Using Iterators
Accumulo Tour: Using Iterators
Tour page 13 of 13
Suppose at the end of each day we record the number of villains a hero has caught that day. Iterators can assist with this. Iterators are server-side programming mechanisms that allow filtering and aggregation operations on data during scans and during compactions.
Let’s begin by adding some data for our hero’s recording recent crime-stopping statistics.

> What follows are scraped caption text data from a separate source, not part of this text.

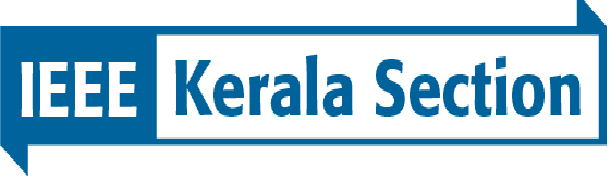 IEEE Kerala Section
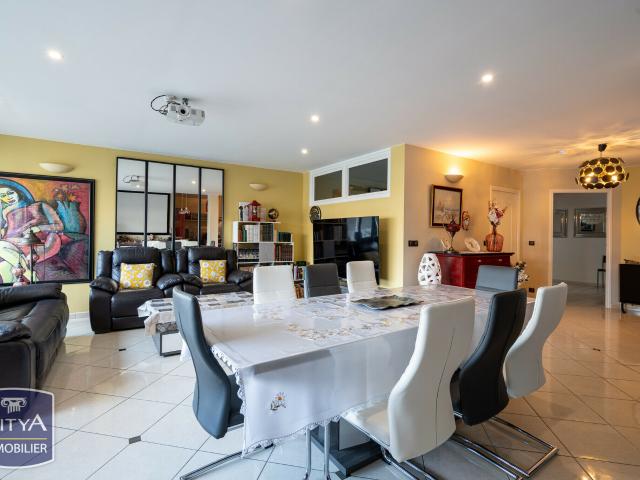 Appartement vente à France métropolitaine, Le Mans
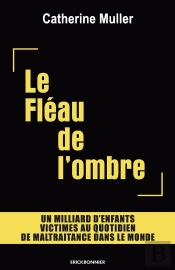 Le Fléau De L'Ombre
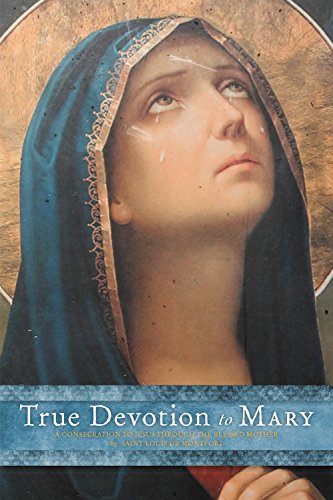 365 Days with Mary: A Year of Wisdom and Devotion to Mary - WELLFLEET PRESS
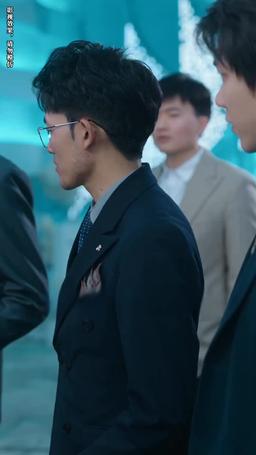 離婚後、私は御曹司達に超寵愛されている episode 31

jshell> client.tableOperations().create("GothamCrimeStats");
jshell> Mutation mutation1 = new Mutation("id0001");
mutation1 ==> org.apache.accumulo.core.data.Mutation@1
jshell> mutation1.put("hero", "alias", "Batman");
// last three days of Batman's statistics
jshell> mutation1.put("hero", "villainsCaptured", "2");
jshell> mutation1.put("hero", "villainsCaptured", "1");
jshell> mutation1.put("hero", "villainsCaptured", "5");
jshell> Mutation mutation2 = new Mutation("id0002");
mutation2 ==> org.apache.accumulo.core.data.Mutation@1
jshell> mutation2.put("hero", "alias", "Robin");
// last three days of Robin's statistics
jshell> mutation2.put("hero", "villainsCaptured", "1");
jshell> mutation2.put("hero", "villainsCaptured", "0");
jshell> mutation2.put("hero", "villainsCaptured", "2");
jshell> try (BatchWriter writer = client.createBatchWriter("GothamCrimeStats")) {
...> writer.addMutation(mutation1);
...> writer.addMutation(mutation2);
...> }
Let’s scan to see the data.
jshell> try (ScannerBase scan = client.createScanner("GothamCrimeStats", Authorizations.EMPTY)) {
...> System.out.println("Gotham Police Department Crime Statistics:");
...> for(Map.Entry<Key, Value> entry : scan) {
...> System.out.printf("Key : %-52s Value : %s\n", entry.getKey(), entry.getValue());
...> }
...> }
You may notice a problem. We only see the latest entry. That is due to the
versioningIterator
which is applied to all tables by default. It filters out all but the latest entry
when scanning a table.
In order to see a record of past days we can remove the versioningiterator
(you could also choose
a set number of past entries to display). The iterator is named vers
.
To simplify, we will import some additional packages to save some typing.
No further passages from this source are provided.